De keuze voor de jaren ’70 en Italië geeft meteen het gevoel
alsof je achter de schermen zit van de opnames van een (giallo-)film van Dario
Argento. Daarbij komt de ambacht van geluidsnabewerking goed naar voren en wat
een hels karwei dat moet zijn geweest toen er nog geen computers waren. De zeer
beklemmende sfeer wordt optimaal gecreëerd door het feit dat de Engelsman
Gilderoy geen Italiaans spreekt, hij in een kleine studio werkt, veelal met een
koptelefoon op werkt en de enige stemactrice waar hij nog enigszins contact mee
heeft door een glazen wand van hem gescheiden wordt. Er worden kunstgrepen
toegepast die verder weinig meer dan het toevoegen van onheilspellende
vraagtekens om het lijf hebben, zoals de filmoperateur waarvan je slechts de
zwarte handschoenen in beeld krijgt als hij de film start en het feit dat de
waarschuwing van één van de stemactrices verder geen invulling krijgt. Maar
boven al draait deze film van Peter Strickland om geluid. Van de film in de
film zie je behalve de trailer geen seconde.
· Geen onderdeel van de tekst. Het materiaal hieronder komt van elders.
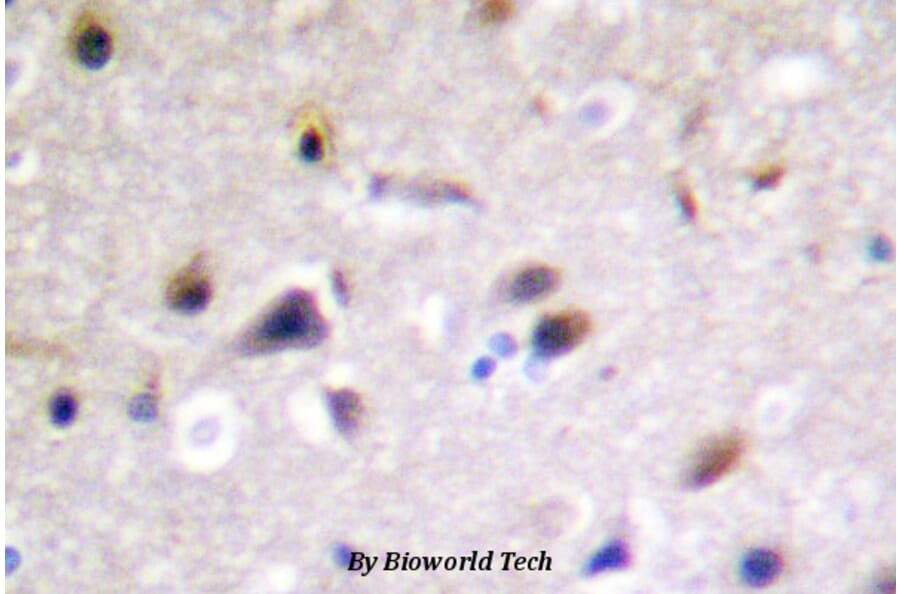 Anti-DRP-2 (P510) Antibody from Bioworld Technology (BS3005) - Antibodies.com
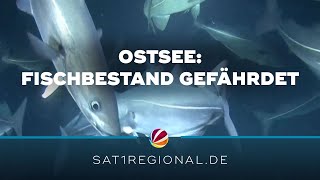 Fischbestände durch Überfischung in Ostsee gefährdeter als angenommen [upl. by Leeke]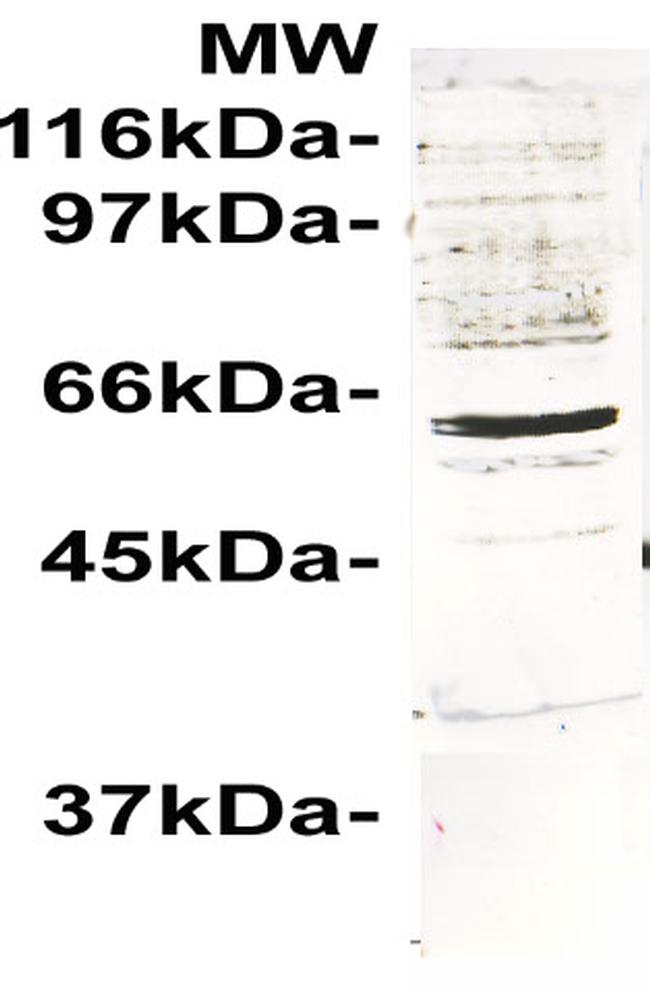 SAND1 (Mona) Antibody in Western Blot (WB)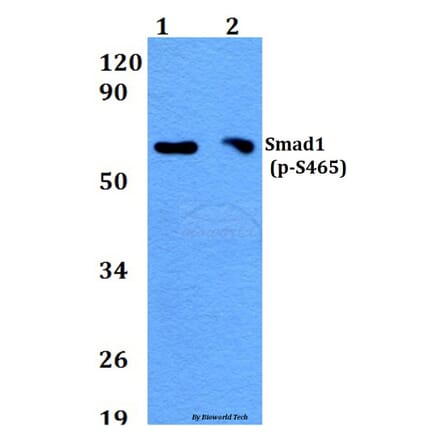 Anti-Smad1 (phospho-S465) Antibody from Bioworld Technology (BS4573) - Antibodies.com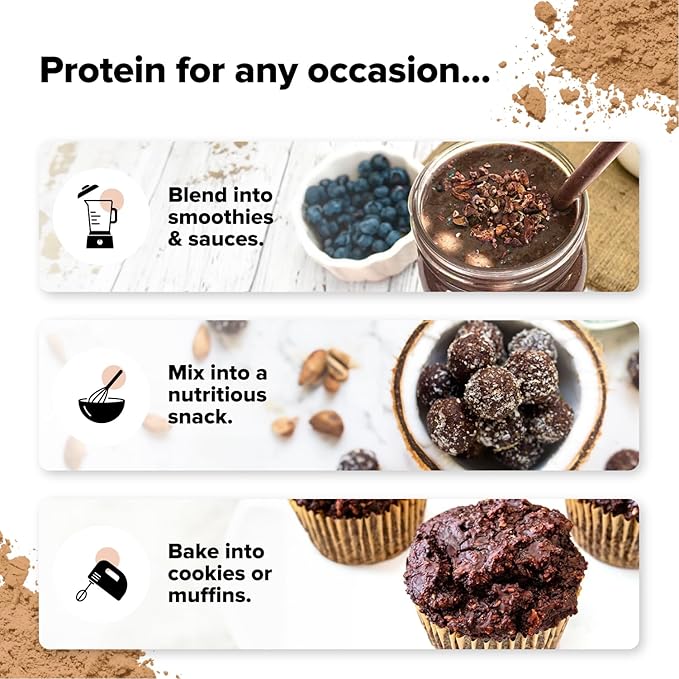 Complement Vegan Chocolate Protein Powder - Organic Protein Low Carb, Low Calorie, Sugar Free, Soy Free, Non-GMO, Gluten Free - 15g Yellow Pea, Pumpkin Seed Protein Powder (1 Serving)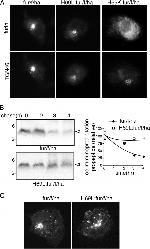 Furin Antibody in Immunocytochemistry (ICC/IF)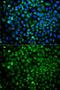 Catechol-O-Methyltransferase antibody, GTX33108, GeneTex, Immunofluorescence image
Je hoort alleen de dialogen en
geluidseffecten, van de bezwerende teksten die worden uitgesproken tot de
ijselijke schreeuwen die Gilderoy (en jij als toeschouwer) telkens weer hoort,
en die zijn beeldend genoeg om er een angstaanjagende horrorfilm van in je
hoofd te maken. Want wat is eigenlijk enger? Een griezelfilm zonder geluid, of
griezelige geluiden zonder beeld?
De film is een aparte trip waarin niet alleen Gilderoy, maar
ook de kijker langzaam de grip verliest. Dit maakt het tot een wat vreemde,
originele, uiterst sfeervolle maar uiteindelijk wat onbevredigende ervaring.